===== Material provided =====
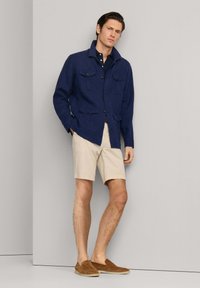 Man draagt een marineblauw jack, donker shirt, beige korte broek en bruine loafers, staand tegen een effen lichtgrijze muur.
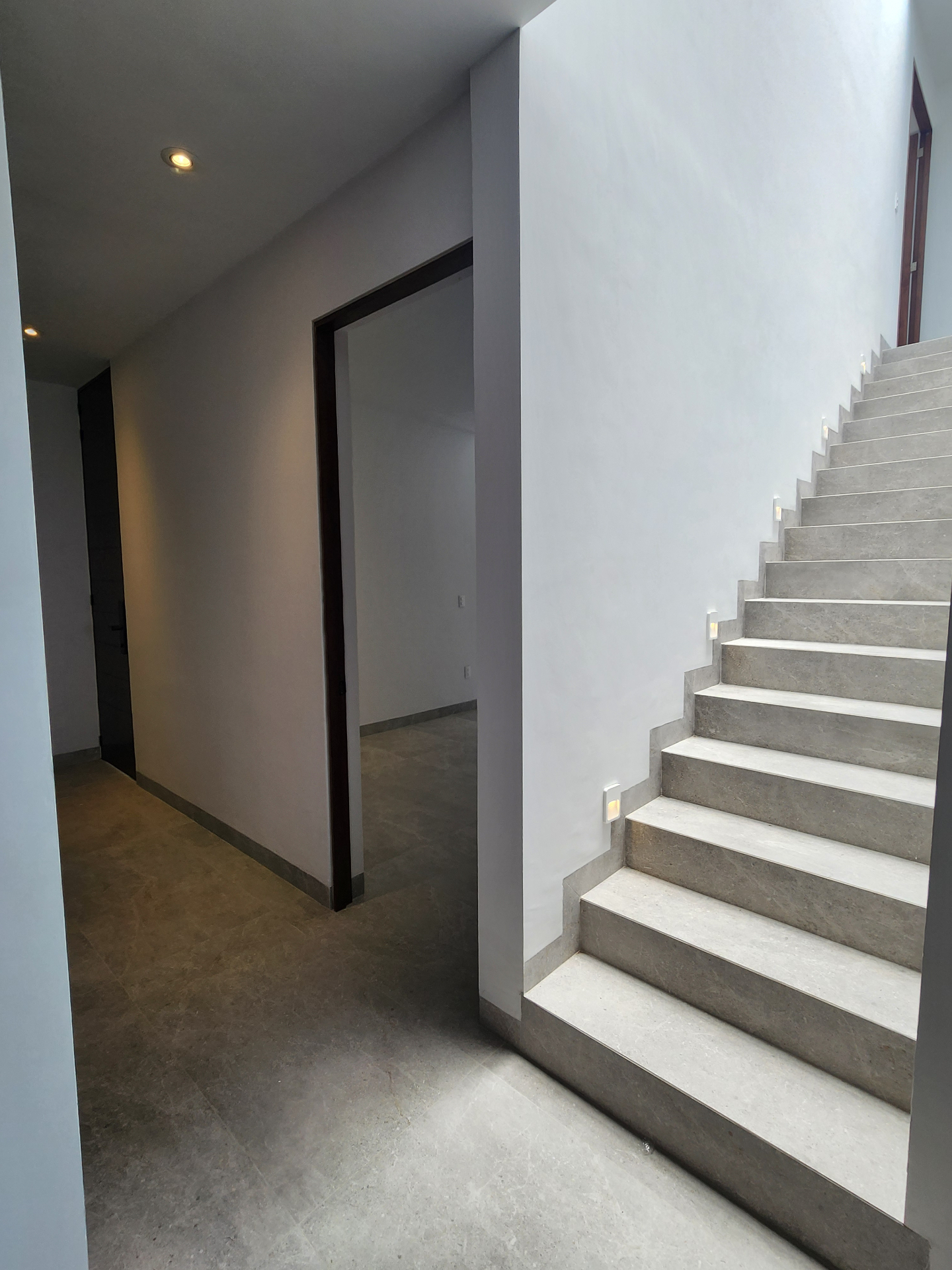 Vestíbulo interior con escalera revestida en piedra, iluminación de huella y circulación hacia recámara principal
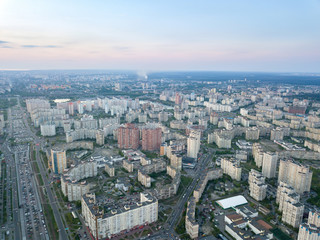 Fototapeta na wymiar A bird's eye view, aerial panoramic view from drone to the Darnyts'kyi district of Kiev, Ukraine and the left bank of Dnieper.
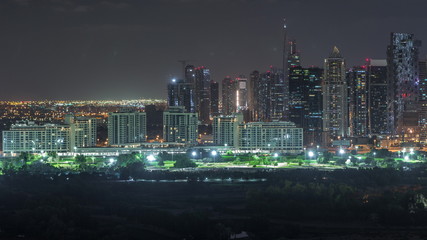 Jumeirah lake towers skyscrapers and golf course night timelapse, Dubai, United Arab Emirates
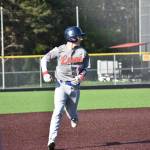 Logan Eckert runs to third base for Auburn Mountainview. Ben Ray / The Reporter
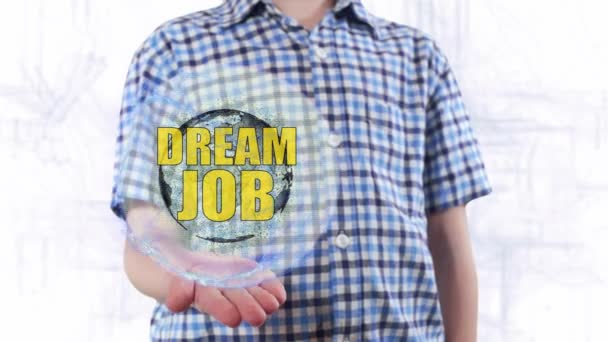 Giovane uomo mostra un ologramma del pianeta Terra e testo Dream job
 - Filmati, video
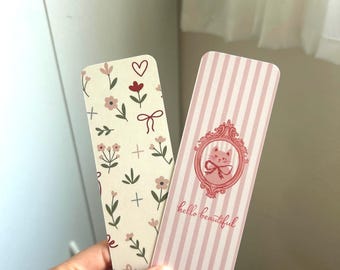 May include: Two decorative bookmarks. One bookmark features a floral pattern with pink flowers, green leaves, and a red heart. The other bookmark has pink stripes and a framed cat illustration with the text "hello beautiful".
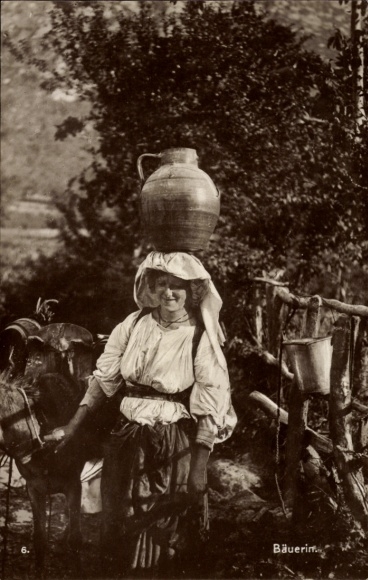Postcard Greek peasant woman from the island of Corfu, carrying a jug on her head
=====
§ **Work required**
Leave the pictures out. Extract exactly the lines running from the one with "Giovane uomo mostra" through the last entry, both ends included.

§ **Solution**
 Giovane uomo mostra un ologramma del pianeta Terra e testo Dream job
 - Filmati, video
 May include: Two decorative bookmarks. One bookmark features a floral pattern with pink flowers, green leaves, and a red heart. The other bookmark has pink stripes and a framed cat illustration with the text "hello beautiful".
Postcard Greek peasant woman from the island of Corfu, carrying a jug on her head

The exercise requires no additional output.